Recent advances in large language models (LLMs) like GPT-3 and GPT-4 have led to claims that these models can perform human-like reasoning and abstraction. However, new research indicates significant gaps still remain between LLMs and human reasoning abilities.
In a new study, researchers from the Santa Fe Institute evaluated text and multimodal versions of GPT-4 on a benchmark called ConceptARC. This benchmark tests understanding and reasoning related to basic concepts like above/below, inside/outside, and same/different.

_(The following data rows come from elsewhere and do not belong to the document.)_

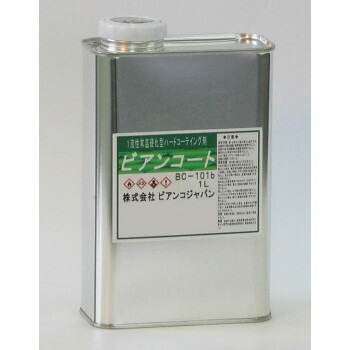 ビアンコジャパン(BIANCO JAPAN) ビアンコートB ツヤ有り 1L缶 BC-101b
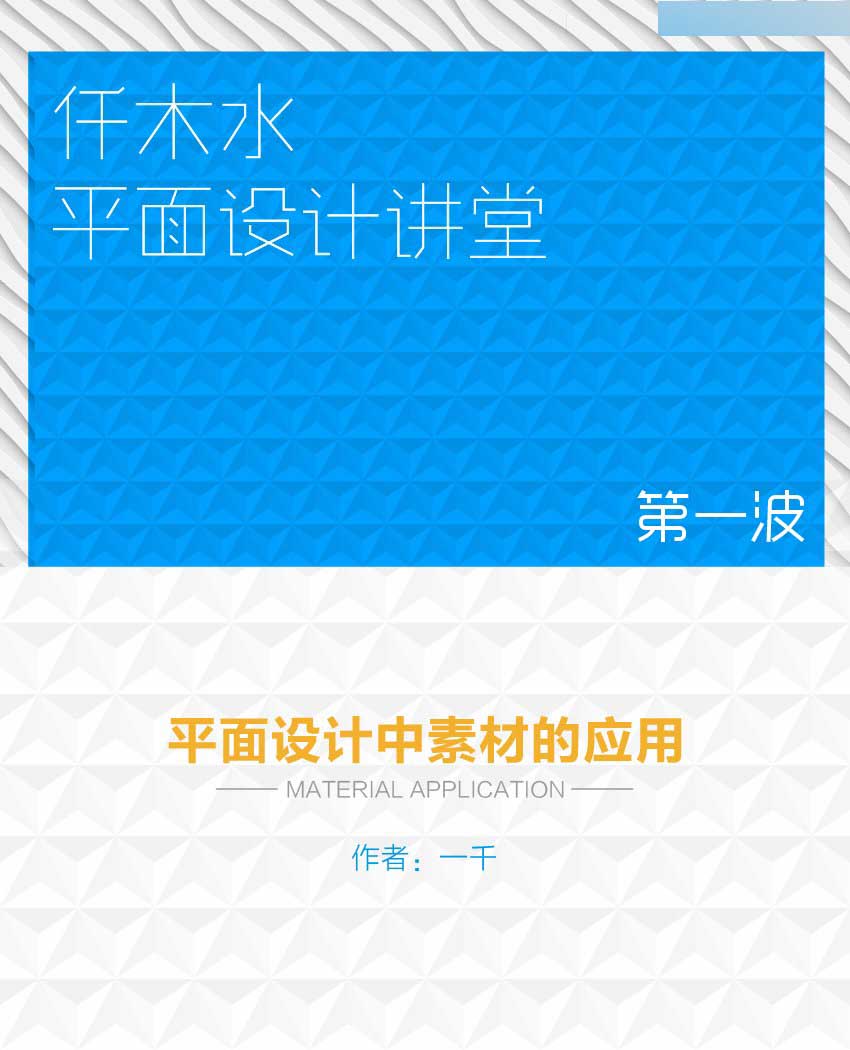 详细解析平面设计中素材的应用技巧,PS教程,思缘教程网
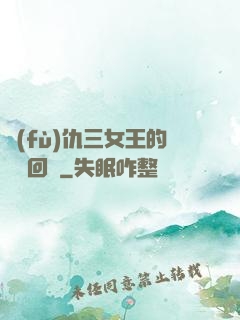 復(fù)仇三女王的強勢回歸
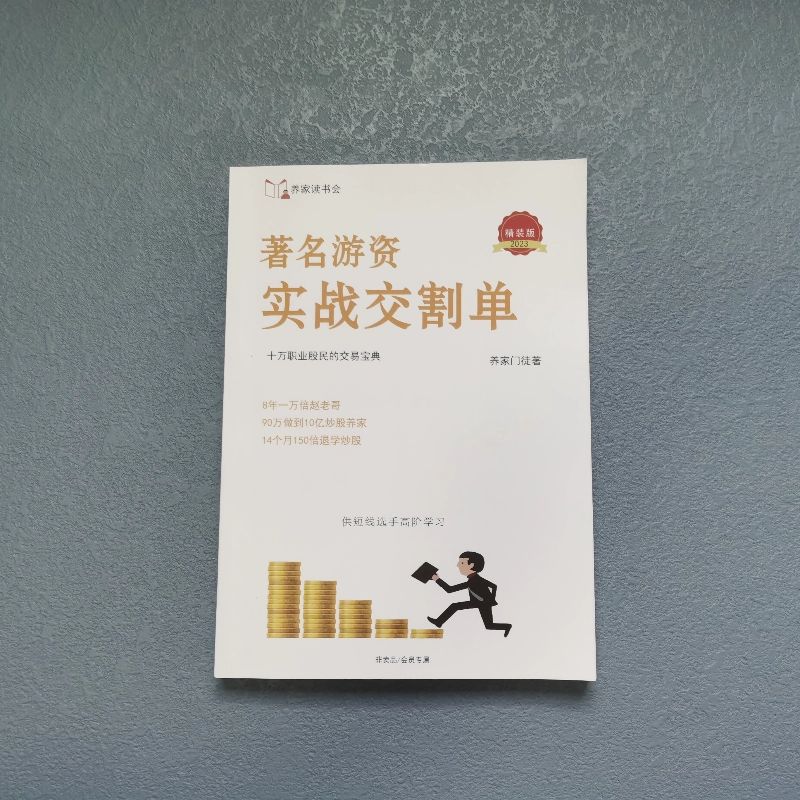 游资实战交割单赵老哥退学炒股养家心法北京炒家柚子作手新一 游资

The researchers first tested a text-only version of GPT-4 using more detailed prompting, including an example, than in previous work. This improved performance over simpler prompting, but GPT-4’s accuracy remained around 33% compared to 91% for humans on the 480 ConceptARC tasks.
To better compare GPT-4 with human performance on visual tasks, the researchers also tested GPT-4V, a multimodal version, on simplified “minimal” ConceptARC tasks presented as images. Surprisingly, GPT-4V performed significantly worse than the text-only GPT-4, achieving only 23-25% accuracy compared to 65-69% for text GPT-4.
The results reinforce that despite recent advances, leading LLMs still lack the robust abstraction abilities and flexible reasoning humans demonstrate even for basic concepts. The authors conclude that better prompting strategies could improve LLM performance, but fundamental gaps likely remain between human and artificial intelligence.
The ConceptARC benchmark provides a useful methodology for continued assessment of reasoning and abstraction capabilities as LLMs evolve. More work is needed to understand differences between human and artificial reasoning mechanisms and work towards more human-like learning and generalization.